Begegnungen, die bleiben
Unvergesslich sind auch die Erlebnisse, die ihr der Beruf und ihre Offenheit beschert haben: Etwa die wiederholte Begegnung mit einem israelischen Augenoptiker aus Tel Aviv, den sie Jahrzehnte nach ihrer gemeinsamen Ausbildung in Köln dann erneut überraschend auf einer Optikmesse in Paris wiedersah – beide auf einer Rolltreppe, ein Blick zurück, ein Ruf, eine Freundschaft, die wieder auflebte.
Meppen
Meppen ist für Christel Volmer mehr als nur ein Wohnort geworden. „Für Familien ist es hier wunderbar – übersichtlich, sicher, freundlich. Wer einmal weg war, der weiß Meppen zu schätzen.“
Ein Rückblick auf die letzten fünf Jahrzehnte ist eine Liebeserklärung an einen Beruf, der nie langweilig wurde, an eine Stadt, die zur Heimat wurde, und an ein Leben, das geprägt ist von Verbundenheit, Freundschaft und Zusammengehörigkeit.

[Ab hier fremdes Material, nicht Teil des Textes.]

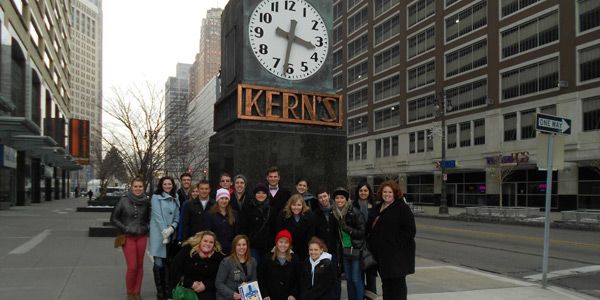 A group of students wearing coats standing in front of a giant clock that says "Kern's" on it.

Christel Volmer ist nicht nur Augenoptikmeisterin – sie ist eine Frau, die Menschen sieht. Mit einem klugen Kopf, einem offenen Herzen und einem festen Fundament in Handwerk und Familie. Wer bei ihr eine Brille kaufte, bekam immer mehr: Vertrauen, Verständnis – und auch eine gute Geschichte.